The median and the standard deviation of the FDs obtained for each case and window length for the Katz-Castiglioni algorithm on the X values are plotted in
Figure 6 and shown in
Table 2. C3 showed the highest FD median value for all three window lengths, with very similar values that were close to 2.5 (
Table 2) but it also displayed the largest dispersion of values (
Figure 6). C1 had the smallest dispersion of values (
Figure 6) and they had a tendency to increase with increasing window length. The FD of C2 varied between 1.9 and 2.1. Increasing window length seemed to diminish the dispersion of the values in C1 and C2, but did not affect the degree of dispersion in C3 (
Figure 6). Interestingly our results agree with those of [
16] in spite of these authors using a different species (zebrafish, which is a freshwater species that prefers warmer water), only one individual and a different contaminant: the FD of the swimming trajectory of their zebrafish also trended to increasing concentrations of sodium hypochlorite contaminating its water, obtaining FD values of the swimming trajectories between 2.11 and 2.14. The value of the FD varies depending on the algorithm used for its calculation, on the different units composing the time series whether normalization has taken place or not as adressed by Fuss [
65] and on the window length; with lower values of window length producing lower FD values.
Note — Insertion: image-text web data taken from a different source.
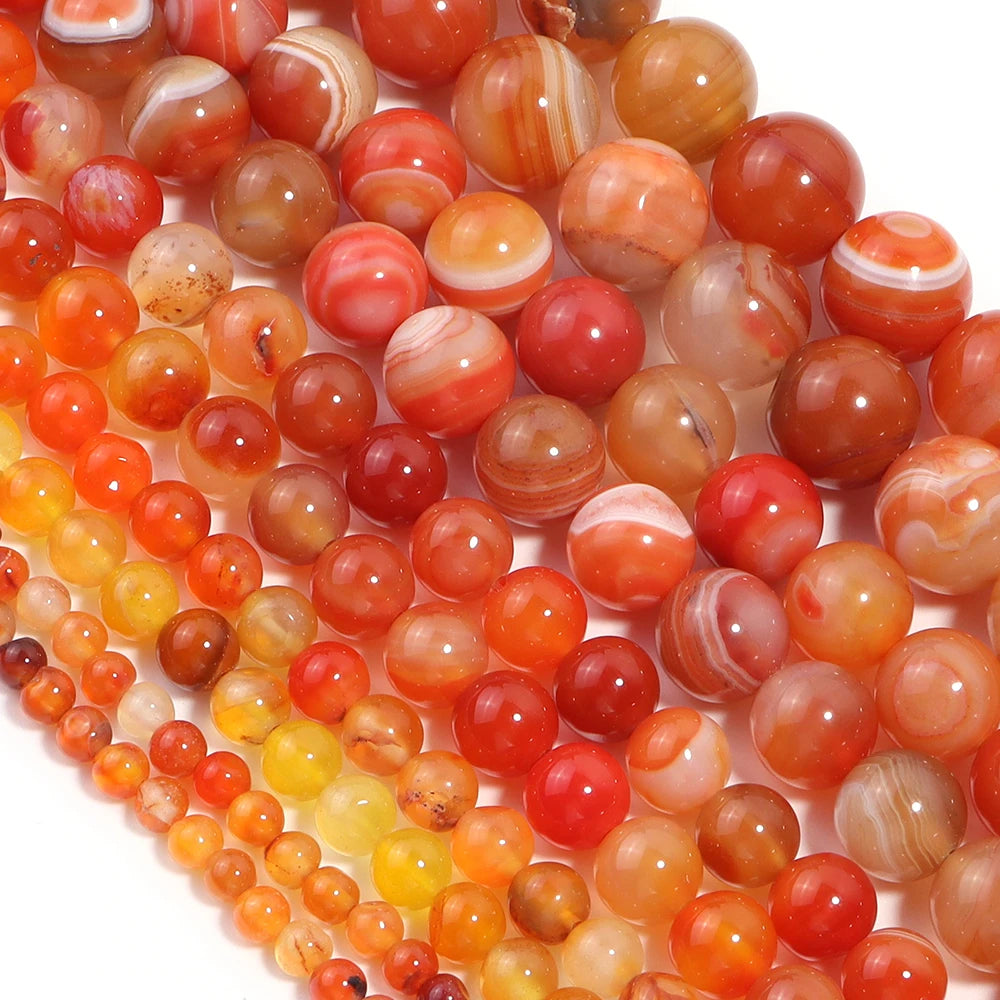 Orange Striped Agate Round Spacer Beads – Natural Stone DIY Natural Stone Beads PLUSH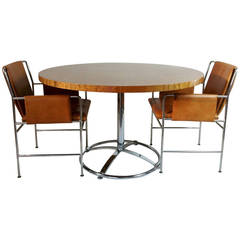 Rare Ward Bennett Table and Four Envelope Chairs for Brickell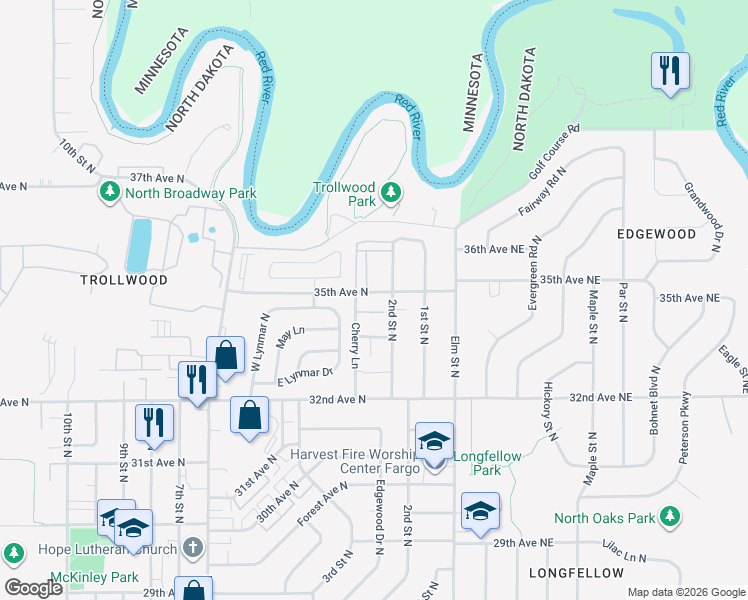 map of restaurants, bars, coffee shops, grocery stores, and more near 210 35th Avenue North in Fargo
Optimization of the window length for our particular case produced FD values higher than 2, which is also in accordance with the results of Nimkerdphol and Nakagawa [
16].
The Shannon Entropy values calculated on the same data as the FDs,
i.e., the trajectories displayed in
Figure 4 are shown in
Table 3. There was no difference between the entropy calculated on the X or the Y values. It is noteworthy the large difference between the entropy of C3 and those of C1 or C2, which only differed slightly from each other (
Table 3). This seems to indicate that the Shannon entropy decreases with increasing perturbation of the fish: tagging having only a minimal and possibly non-significant effect, but the presence of the contaminant drastically diminished the entropy of the system by an entire unit.
The permutation Entropy values calculated for the three experimental cases are also shown in
Table 3. The results differ very slightly for X and Y signals and, in contrast to the results obtained using Shannon Entropy, the three analysed cases presented very similar permutation entropy values, although, in agreement with it, the permutation entropy values for C3 were smaller than for C1 and C2.
Technically, the method presented here demands a relatively large computation capability, particularly for the image processing step, which is of course susceptible of improvement. It must also be kept in mind on one hand that the analysis of the fish clusters trajectories does not depend on an image, they can also be obtained from echo-sounds or infrared images and, on the other hand, that the methodology is not exclusive for fish and that with some modification may be applicable to other species.
Of the tested methodologies, two of them, namely those based on the analysis of the Katz-Castiglioni FD and the Shannon entropy of the trajectories have been shown to be useful tools for non-invasive identification and quantification of changes of fish responses due to a highly relevant environmental contaminant. We believe that it will be possible to embed this methodology in an on-line/real time architecture to monitor fish schools in a farm and in the wild, and that this kind of approach will find an application to identify contaminated waters in environmental monitoring programs.